*** Opening Supplied data ***
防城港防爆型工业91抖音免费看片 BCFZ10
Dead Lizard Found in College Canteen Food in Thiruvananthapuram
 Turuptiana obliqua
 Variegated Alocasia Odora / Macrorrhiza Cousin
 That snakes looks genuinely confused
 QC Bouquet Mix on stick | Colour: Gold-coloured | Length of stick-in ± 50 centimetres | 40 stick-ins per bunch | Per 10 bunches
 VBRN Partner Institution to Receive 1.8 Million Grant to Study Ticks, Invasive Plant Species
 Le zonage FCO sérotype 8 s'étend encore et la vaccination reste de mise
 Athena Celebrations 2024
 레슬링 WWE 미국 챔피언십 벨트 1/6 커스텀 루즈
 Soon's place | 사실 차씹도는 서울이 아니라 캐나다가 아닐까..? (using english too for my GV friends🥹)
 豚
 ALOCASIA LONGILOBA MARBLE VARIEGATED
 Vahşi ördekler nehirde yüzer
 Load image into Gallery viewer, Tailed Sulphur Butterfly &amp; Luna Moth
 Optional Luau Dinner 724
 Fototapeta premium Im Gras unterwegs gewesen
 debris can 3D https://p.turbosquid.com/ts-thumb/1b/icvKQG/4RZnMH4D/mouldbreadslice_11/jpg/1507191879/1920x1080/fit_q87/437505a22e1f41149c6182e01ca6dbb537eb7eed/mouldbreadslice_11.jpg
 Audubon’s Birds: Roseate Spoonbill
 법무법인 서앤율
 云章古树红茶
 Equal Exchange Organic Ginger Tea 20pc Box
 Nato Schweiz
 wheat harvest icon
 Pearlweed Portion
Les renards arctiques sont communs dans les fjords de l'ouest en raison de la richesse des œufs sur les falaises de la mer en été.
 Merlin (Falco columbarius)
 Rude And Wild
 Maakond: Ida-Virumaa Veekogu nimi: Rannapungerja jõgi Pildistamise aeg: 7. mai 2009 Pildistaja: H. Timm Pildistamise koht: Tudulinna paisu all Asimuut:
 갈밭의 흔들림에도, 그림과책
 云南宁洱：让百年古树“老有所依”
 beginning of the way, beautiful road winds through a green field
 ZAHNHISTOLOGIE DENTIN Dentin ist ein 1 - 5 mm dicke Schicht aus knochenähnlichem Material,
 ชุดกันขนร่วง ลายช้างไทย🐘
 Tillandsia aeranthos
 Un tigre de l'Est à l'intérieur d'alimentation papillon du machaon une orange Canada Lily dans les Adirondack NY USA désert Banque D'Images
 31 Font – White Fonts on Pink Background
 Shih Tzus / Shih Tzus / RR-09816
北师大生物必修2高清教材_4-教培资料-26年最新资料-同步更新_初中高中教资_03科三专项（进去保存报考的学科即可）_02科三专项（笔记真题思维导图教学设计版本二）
*** Closing Supplied data ***
> _Exercise objective_:
Include the first line, the line containing "VBRN Partner Institution", and every line between them, copied exactly from the material above; output no other line.

> _Task response_:
防城港防爆型工业91抖音免费看片 BCFZ10
Dead Lizard Found in College Canteen Food in Thiruvananthapuram
 Turuptiana obliqua
 Variegated Alocasia Odora / Macrorrhiza Cousin
 That snakes looks genuinely confused
 QC Bouquet Mix on stick | Colour: Gold-coloured | Length of stick-in ± 50 centimetres | 40 stick-ins per bunch | Per 10 bunches
 VBRN Partner Institution to Receive 1.8 Million Grant to Study Ticks, Invasive Plant Species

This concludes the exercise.